◆ Recorded information:

--- START ---

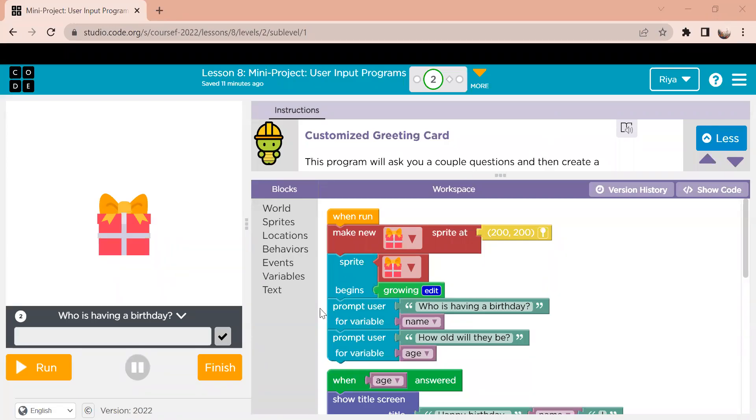Hi, this is Rhea from FTC team 18172 and today I'm going to show you how to make a customized greeting card on code.org.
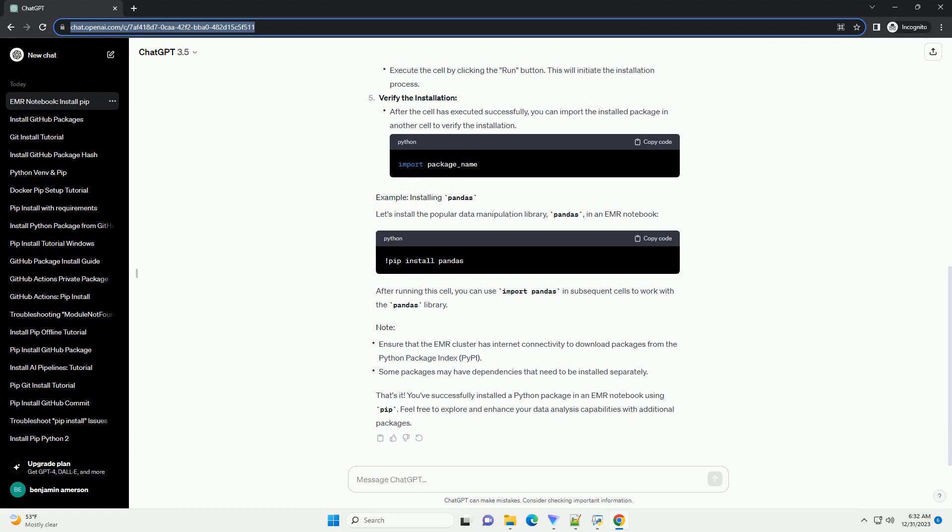That's it. You've successfully installed a Python package in an EMR notebook using pip. Feel free to explore and enhance your data analysis capabilities with additional packages.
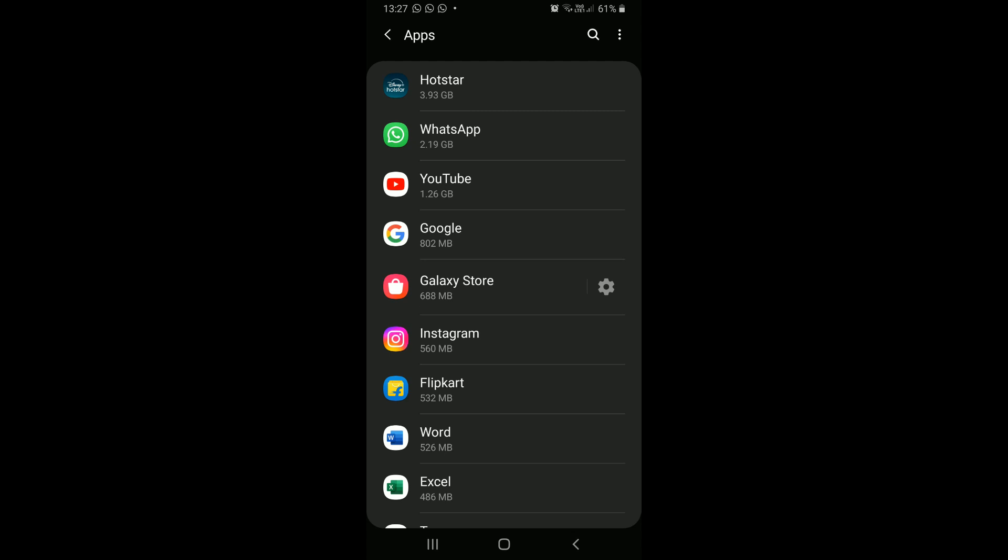Like in my case, Hotstar occupies about 4 gigabytes of space, and I do not use it regularly. So I will tap on it and open it.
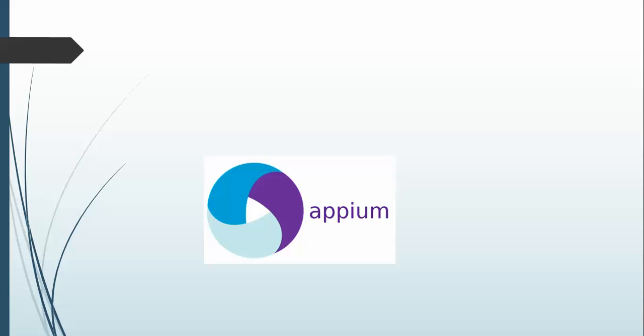I think we should start now. First of all, you need Java, and if you have ever worked on Selenium, then you must be having Java in your machine. But if you are starting with Appium and you don't have anything, don't worry.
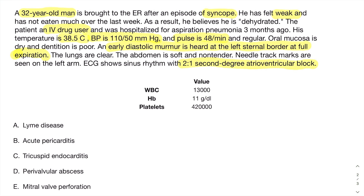Looking at the answer choices — Lyme disease: if I only had 30 seconds left and only read the last sentence about AV block, I might pick Lyme disease. But he doesn't have the typical skin manifestations or exposure history for Lyme disease, and the murmur points completely away from that diagnosis. Being an IV drug user also makes it unlikely.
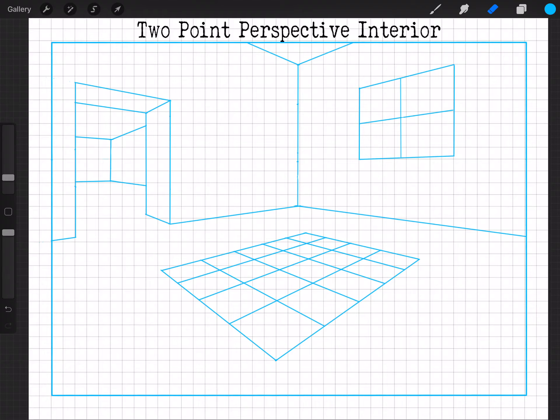Good morning and welcome back to another lesson. Today we're going to be looking at two-point perspective drawing of an interior. This is going to be pretty much the end product of our lesson today, and I want you to be very much aware of the three-dimensional quality of this entire space — there are just a few simple lines.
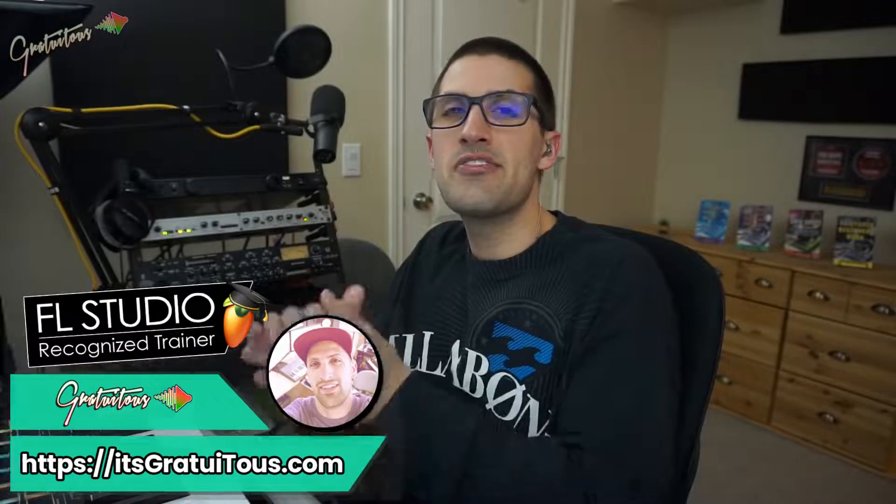Hey, what's up everybody? Gratuitis here from itsgratuitis.com. In this video, I want to talk to you about how to add patterns as well as switch between patterns in FL Studio for a super fast workflow.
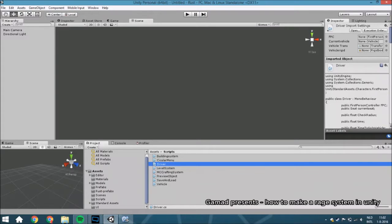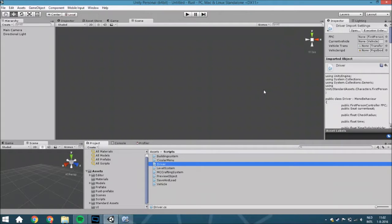Hello guys and welcome back to another tutorial. This time we are going to create a rage system. It is going to be a little bit hard to explain for everyone because there are multiple rage systems. For example in Crash Auto you have a rage system that gets time back every second, but in other games you get rage back with a special action. I will try to explain as many ways as possible, but it means it will be a little bit basic so that everyone can integrate it in their own project.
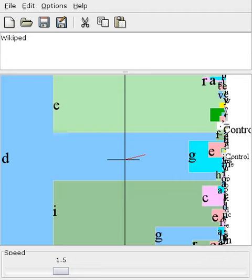Dasher is an input method and computer accessibility tool which enables users to compose text without using a keyboard, by entering text on a screen with a pointing device such as a mouse, touch screen, or mice operated by the foot or head.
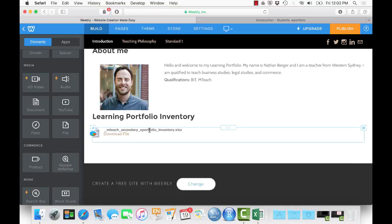Taking a screenshot is different on PCs, Macs, iPads, etc., so it's not something I can demonstrate that will apply to everybody. However, I've already shown you how to put a picture onto a page, so I know you can do this.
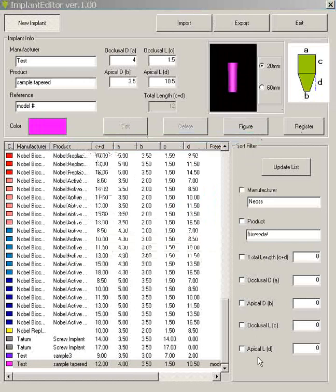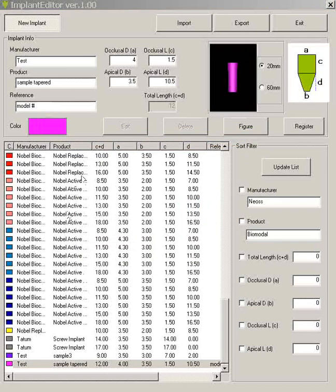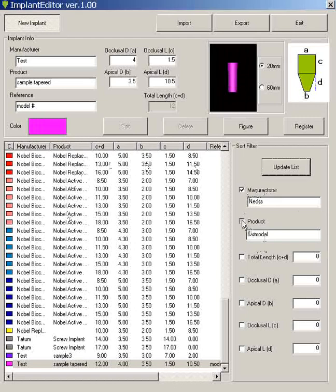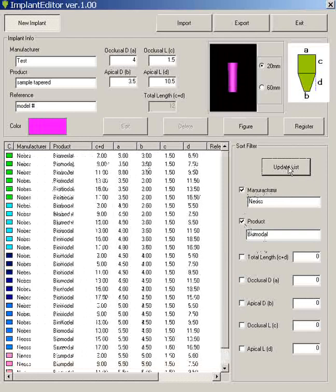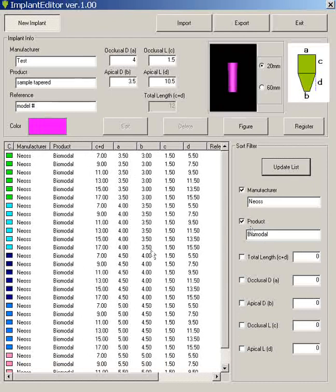Now if you are having a more extensive implant library file and you just want to load a particular manufacturer or product, here you can click. Here I've just inputted NEOS and the product name and you can click these and click update. Check the boxes, hit update list. And then you're going to get the list of only the NEOS Biomodal implants that are selected.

--- END ---

Starting at the first line of the entries, restate word for word everything through the line that holds "Like in my case, Hotstar", both ends included, but omit any pictures.

Hi, this is Rhea from FTC team 18172 and today I'm going to show you how to make a customized greeting card on code.org.
That's it. You've successfully installed a Python package in an EMR notebook using pip. Feel free to explore and enhance your data analysis capabilities with additional packages.
Like in my case, Hotstar occupies about 4 gigabytes of space, and I do not use it regularly. So I will tap on it and open it.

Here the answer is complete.